Wall Street experienced a notable pullback as investors grappled with a hotter-than-expected inflation report and ongoing tensions between the U.S. and Iran. The S&P 500 and Nasdaq, both recently at record highs, retreated with technology shares leading the declines, reflecting growing concerns over sustained inflation and geopolitical instability.
Consumer prices rose at a rapid pace for the second month in a row in April, marking the highest annual inflation rate in nearly three years. This reinforced expectations that the Federal Reserve will maintain its current interest rate levels for an extended period rather than cutting rates as previously anticipated. Prior projections had factored in two upcoming rate reductions, but sentiment has shifted toward a steady or potentially higher rates outlook as economic pressures persist.
The stalled diplomatic efforts in the Middle East added to market unease. Negotiations between Washington and Tehran have shown little progress, with President Donald Trump describing the ceasefire efforts as being “on life support” after Iran rejected a U.S. proposal.

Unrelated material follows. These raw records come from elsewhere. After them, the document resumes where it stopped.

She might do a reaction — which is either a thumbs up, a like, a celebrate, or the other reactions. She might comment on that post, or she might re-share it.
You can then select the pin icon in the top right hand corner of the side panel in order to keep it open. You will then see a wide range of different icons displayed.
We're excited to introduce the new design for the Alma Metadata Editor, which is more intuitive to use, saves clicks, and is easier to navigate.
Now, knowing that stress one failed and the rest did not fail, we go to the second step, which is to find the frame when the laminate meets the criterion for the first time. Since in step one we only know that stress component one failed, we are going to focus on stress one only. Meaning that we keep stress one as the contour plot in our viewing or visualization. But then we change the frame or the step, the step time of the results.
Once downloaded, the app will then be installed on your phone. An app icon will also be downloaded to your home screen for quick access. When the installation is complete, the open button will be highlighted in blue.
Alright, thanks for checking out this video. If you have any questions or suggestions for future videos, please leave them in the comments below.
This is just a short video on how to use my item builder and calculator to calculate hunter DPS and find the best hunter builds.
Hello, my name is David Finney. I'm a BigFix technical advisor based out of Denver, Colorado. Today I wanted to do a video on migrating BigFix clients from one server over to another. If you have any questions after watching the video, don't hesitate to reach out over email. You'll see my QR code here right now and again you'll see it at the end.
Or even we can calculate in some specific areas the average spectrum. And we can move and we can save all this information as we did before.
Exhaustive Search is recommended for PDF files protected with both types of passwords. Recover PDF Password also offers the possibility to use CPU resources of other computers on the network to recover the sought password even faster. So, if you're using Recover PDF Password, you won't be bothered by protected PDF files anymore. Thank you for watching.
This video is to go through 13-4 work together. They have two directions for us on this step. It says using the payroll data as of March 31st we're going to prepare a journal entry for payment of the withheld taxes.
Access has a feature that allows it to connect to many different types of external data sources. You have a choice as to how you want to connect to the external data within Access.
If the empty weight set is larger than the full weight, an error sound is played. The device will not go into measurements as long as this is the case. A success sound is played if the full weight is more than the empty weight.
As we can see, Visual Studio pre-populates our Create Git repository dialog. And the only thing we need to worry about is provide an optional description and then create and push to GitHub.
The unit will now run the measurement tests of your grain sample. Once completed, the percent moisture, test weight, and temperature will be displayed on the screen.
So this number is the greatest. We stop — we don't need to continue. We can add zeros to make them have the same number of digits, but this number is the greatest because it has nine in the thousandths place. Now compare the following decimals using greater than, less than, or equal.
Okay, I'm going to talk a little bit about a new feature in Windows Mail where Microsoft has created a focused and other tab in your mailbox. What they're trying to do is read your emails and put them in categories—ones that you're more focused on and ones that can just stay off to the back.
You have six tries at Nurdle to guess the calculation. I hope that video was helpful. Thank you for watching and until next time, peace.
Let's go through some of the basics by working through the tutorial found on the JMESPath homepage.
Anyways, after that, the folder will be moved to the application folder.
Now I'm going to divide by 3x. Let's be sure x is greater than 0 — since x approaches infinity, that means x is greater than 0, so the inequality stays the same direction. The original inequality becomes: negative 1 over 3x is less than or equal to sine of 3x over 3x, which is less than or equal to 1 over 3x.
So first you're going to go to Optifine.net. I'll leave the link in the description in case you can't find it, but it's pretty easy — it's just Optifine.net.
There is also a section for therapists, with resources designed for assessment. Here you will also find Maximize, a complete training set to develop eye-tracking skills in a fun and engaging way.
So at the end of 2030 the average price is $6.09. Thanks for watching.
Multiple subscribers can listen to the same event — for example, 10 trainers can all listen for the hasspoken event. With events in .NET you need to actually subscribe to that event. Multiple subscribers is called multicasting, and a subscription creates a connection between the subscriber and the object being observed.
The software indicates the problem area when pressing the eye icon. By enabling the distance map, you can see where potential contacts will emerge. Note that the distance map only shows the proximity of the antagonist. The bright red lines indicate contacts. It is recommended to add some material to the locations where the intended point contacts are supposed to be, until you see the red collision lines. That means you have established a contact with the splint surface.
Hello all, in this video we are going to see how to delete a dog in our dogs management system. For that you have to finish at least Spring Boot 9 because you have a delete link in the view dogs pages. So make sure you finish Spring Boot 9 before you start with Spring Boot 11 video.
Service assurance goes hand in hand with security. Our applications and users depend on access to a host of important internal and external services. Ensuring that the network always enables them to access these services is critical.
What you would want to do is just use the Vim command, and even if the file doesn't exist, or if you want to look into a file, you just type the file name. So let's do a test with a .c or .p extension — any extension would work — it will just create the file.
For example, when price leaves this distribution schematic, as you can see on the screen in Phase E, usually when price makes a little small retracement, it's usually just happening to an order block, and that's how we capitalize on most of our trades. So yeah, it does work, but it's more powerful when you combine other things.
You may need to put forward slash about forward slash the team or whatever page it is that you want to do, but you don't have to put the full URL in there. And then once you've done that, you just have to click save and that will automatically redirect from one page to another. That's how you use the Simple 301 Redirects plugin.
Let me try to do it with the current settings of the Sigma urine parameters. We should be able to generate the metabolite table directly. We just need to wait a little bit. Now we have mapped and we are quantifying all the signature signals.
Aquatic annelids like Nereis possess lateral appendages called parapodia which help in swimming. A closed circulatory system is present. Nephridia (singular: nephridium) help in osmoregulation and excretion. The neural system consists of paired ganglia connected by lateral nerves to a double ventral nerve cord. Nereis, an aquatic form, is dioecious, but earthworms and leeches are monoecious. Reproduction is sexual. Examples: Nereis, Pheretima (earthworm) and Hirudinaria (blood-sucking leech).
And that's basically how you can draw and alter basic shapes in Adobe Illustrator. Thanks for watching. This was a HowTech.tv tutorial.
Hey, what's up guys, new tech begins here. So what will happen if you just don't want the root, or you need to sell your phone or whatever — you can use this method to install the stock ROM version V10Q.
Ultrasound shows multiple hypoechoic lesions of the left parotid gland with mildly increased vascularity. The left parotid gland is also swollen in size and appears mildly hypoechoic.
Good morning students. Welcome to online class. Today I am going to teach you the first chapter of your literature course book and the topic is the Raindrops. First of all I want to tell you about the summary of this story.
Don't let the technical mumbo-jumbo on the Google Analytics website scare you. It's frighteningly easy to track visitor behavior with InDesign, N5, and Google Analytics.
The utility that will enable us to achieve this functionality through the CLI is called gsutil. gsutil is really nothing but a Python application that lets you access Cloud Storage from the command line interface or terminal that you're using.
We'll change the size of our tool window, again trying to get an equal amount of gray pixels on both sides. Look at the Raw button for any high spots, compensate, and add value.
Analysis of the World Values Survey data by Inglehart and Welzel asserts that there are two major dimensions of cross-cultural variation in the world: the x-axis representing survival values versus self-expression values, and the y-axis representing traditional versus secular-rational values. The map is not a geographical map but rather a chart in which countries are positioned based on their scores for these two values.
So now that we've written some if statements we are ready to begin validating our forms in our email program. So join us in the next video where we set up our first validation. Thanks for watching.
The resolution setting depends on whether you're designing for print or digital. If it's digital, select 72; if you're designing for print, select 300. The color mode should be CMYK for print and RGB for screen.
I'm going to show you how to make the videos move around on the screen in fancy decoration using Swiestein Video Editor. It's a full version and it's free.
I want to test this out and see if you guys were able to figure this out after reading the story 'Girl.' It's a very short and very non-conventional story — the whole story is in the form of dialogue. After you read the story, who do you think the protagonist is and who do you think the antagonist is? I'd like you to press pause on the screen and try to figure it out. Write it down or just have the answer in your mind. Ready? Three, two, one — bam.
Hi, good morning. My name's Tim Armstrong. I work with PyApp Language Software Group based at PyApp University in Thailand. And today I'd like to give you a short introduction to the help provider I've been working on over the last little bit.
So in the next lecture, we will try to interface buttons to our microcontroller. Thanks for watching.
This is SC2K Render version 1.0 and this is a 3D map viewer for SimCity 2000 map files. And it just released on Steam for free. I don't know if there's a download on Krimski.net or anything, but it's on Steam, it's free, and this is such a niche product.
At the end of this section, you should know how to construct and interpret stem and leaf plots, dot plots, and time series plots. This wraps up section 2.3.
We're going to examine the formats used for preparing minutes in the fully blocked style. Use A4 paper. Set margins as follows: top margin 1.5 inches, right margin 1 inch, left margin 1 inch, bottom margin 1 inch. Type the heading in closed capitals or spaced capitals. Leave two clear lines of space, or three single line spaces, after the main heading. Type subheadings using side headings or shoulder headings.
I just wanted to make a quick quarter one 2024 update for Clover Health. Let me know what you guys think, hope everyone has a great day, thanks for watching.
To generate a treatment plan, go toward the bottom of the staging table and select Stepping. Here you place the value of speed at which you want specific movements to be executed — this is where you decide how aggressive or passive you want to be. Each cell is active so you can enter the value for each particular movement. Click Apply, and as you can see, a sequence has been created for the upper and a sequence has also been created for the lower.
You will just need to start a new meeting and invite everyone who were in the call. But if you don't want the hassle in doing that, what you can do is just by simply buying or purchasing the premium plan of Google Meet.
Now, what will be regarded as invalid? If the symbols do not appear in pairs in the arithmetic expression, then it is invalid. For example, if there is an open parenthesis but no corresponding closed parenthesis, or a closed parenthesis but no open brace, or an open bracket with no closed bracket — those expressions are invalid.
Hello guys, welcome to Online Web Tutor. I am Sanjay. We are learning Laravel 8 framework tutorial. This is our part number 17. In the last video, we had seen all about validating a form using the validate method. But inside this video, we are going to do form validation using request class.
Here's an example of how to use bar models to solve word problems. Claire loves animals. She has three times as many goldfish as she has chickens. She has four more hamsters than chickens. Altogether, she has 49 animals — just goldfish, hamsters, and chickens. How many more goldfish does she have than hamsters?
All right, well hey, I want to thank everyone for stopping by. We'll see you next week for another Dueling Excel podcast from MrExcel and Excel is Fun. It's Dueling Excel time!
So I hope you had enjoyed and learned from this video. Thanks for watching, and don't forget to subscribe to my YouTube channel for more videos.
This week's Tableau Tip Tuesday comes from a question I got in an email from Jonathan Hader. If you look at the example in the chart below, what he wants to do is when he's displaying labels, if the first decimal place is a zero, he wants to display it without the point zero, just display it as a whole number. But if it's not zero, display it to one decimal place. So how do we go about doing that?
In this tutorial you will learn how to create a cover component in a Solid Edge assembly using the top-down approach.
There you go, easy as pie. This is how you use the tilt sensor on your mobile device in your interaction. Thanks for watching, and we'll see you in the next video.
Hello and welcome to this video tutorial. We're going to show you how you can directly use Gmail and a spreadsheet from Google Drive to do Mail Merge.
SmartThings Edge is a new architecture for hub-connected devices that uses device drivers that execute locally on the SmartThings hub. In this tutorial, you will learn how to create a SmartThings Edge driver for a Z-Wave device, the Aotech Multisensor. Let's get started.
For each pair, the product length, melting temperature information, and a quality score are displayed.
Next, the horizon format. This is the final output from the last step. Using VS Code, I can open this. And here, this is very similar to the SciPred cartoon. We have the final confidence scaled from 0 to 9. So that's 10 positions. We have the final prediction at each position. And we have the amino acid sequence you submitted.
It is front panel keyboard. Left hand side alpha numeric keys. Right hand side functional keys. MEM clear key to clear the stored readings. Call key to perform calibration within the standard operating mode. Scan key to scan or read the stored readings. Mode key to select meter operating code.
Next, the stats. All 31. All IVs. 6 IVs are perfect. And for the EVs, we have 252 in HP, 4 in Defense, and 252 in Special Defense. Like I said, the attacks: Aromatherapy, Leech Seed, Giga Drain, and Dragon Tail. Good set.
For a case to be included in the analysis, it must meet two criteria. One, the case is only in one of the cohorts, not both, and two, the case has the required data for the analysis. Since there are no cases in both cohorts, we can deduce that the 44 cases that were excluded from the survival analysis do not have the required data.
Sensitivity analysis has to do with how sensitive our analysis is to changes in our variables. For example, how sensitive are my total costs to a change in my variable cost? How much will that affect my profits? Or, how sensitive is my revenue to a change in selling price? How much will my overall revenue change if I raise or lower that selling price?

This geopolitical deadlock sustained upward pressure on crude oil prices, further exacerbating inflation concerns among investors.
Major indices reflected the cautious mood. The Dow Jones Industrial Average dropped more than 170 points, the S&P 500 declined close to 1%, and the Nasdaq Composite saw its steepest daily loss, falling nearly 2%. Technology stocks, especially semiconductor companies, faced sharp sell-offs following their recent gains. The Philadelphia Semiconductor Index fell approximately 6%, although it remains well above its levels from the start of the quarter.
Among key movers, Intel slid nearly 10% after surging earlier in the week, while Qualcomm dropped over 13% following a record high. The losses came amid discussion from South Korean officials about redistributing tech sector profits to citizens, a proposal that rattled investor sentiment in semiconductors and mega-cap tech names. Investors appeared to take profits after a strong rally in these sectors over recent weeks.
Outside technology, Zebra Technologies rose strongly by 17% after raising its annual sales growth forecast based on heightened demand for automation equipment. By contrast, telehealth provider Hims & Hers Health plunged 15% after reporting revenues below estimates and posting an unexpected loss for the first quarter.
Market participants are now turning their attention to President Trump’s upcoming visit to China, expecting limited breakthroughs on either trade negotiations or the unresolved conflict with Iran. Meanwhile, declining stocks outpaced advancing shares by nearly three to one on the New York Stock Exchange, underscoring the current cautious investor stance amid these multiple headwinds.